The Good Friars opened up not only their home but their hearts and soul to us; fed us both physically and spiritually. I didn't want to go home at times; I wanted to stay in the "safe environment". But that isn't the real world, one must go out and continue on and through the prayers and talks and venting with the other parents, I found it is OK to feel like I do at times and I can always email one of them and just "talk"; we are all in a select club, one which no one wants to be in but if we have to be, what better place to be but surrounded by such loving people, both lay and religious.
It's the first time since it happened ... (in 8 years)... that my wife has found any peace at all. Thank you
A truly wonderful experience-no answers as to the "why" this happened and that's ok- so good to be with those "who get it." My faith was dim, but with a little help and this retreat, the light, as with my son's candle, has begun to shine again. Thank you. Thank you. Thank you.
...I feel so safe here I don't want to leave. But then I realized that it was the spirituality of everything that I have experienced here that has lifted me up. If only I can keep that same spirituality, I will be ok. Losing it keeps me in a dark place. Keeping it helps me get through the day. So I have to keep it.
I again can't thank you enough for the retreat. It was great to be among the walking wounded.
Last weekend's retreat left me with the peace and comfort I needed to face the anniversary of (my son's) death with more love, faith, and hope - and a bit less pain.
Thank you so much for everything you did to make the Pieta retreat a truly life-changing experience!

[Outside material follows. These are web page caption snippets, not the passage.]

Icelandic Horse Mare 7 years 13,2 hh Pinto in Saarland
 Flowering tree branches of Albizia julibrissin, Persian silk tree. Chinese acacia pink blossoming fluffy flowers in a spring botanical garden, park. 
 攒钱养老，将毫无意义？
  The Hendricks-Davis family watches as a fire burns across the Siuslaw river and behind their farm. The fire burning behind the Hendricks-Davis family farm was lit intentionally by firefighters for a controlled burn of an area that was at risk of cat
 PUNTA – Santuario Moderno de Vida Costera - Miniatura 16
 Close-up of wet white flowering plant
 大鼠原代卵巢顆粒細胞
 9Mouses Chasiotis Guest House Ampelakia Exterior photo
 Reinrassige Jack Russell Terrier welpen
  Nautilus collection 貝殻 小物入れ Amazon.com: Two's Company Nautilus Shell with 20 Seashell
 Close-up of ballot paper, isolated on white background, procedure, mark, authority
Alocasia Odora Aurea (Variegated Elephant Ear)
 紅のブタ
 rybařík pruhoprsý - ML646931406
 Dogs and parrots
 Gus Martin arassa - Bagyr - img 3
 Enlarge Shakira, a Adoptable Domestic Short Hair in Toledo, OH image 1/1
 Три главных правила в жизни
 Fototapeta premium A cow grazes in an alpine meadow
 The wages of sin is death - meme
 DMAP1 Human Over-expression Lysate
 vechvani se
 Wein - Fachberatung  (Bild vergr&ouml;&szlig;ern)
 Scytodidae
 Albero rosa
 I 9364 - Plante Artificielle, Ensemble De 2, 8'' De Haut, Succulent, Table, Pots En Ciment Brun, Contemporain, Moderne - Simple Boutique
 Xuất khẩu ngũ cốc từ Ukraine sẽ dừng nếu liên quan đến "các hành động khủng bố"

I know that it cannot be easy for you to re-live the pain of your loss over and over again either, and we are extremely grateful for your willingness to reach out to us so generously. As we go through this particularly difficult month, our hearts will be linked to yours... I know for sure that the Lord's hand guided all of this. What a gift!
(My husband) and I wanted you all to know how much this ministry has helped us. It feels sad to say that because of the loss of our children that something good like this comes out of it, but isn't that what we are searching for? Some good or something better than just the grief and loneliness. Some kind of purpose. The candle, the cards, letters, prayers, everything was perfect.
For us, this retreat was transformational. I honestly don't know where we would be without it.
This was a Godsend to us. We have been so isolated in our grief and have not had any help with the spirituality of grieving for our children. We are so grateful for the kindness and compassion shown to us. Please accept our thanks for this ministry;
There are no words to adequately say how much comfort, peace, faith, reassurance and so much more that it (this retreat) brought to me. I do believe now that through (a friend's name) God was inviting me to be a part of this weekend
We come away emotionally and physically exhausted, but with a renewed faith that our children are truly alive and still with us; we come away with HOPE. There is nothing that can totally take our pain away, but somehow sharing with each other does help.
I know for us when we are opening our souls and sharing our grief, it is always best when we are in our homes where we feel safe and not so vulnerable. God's house is the next best place to do so.
We want to thank the Friars for sharing so much of yourselves. Every one of you has made a difference in our grief journey. You have helped us to see what genuine faith in God can do; we see how much you all truly care.
We have all been blessed by your love and compassion. We hope that Pieta will continue to be the balm to our souls that is has been in the past.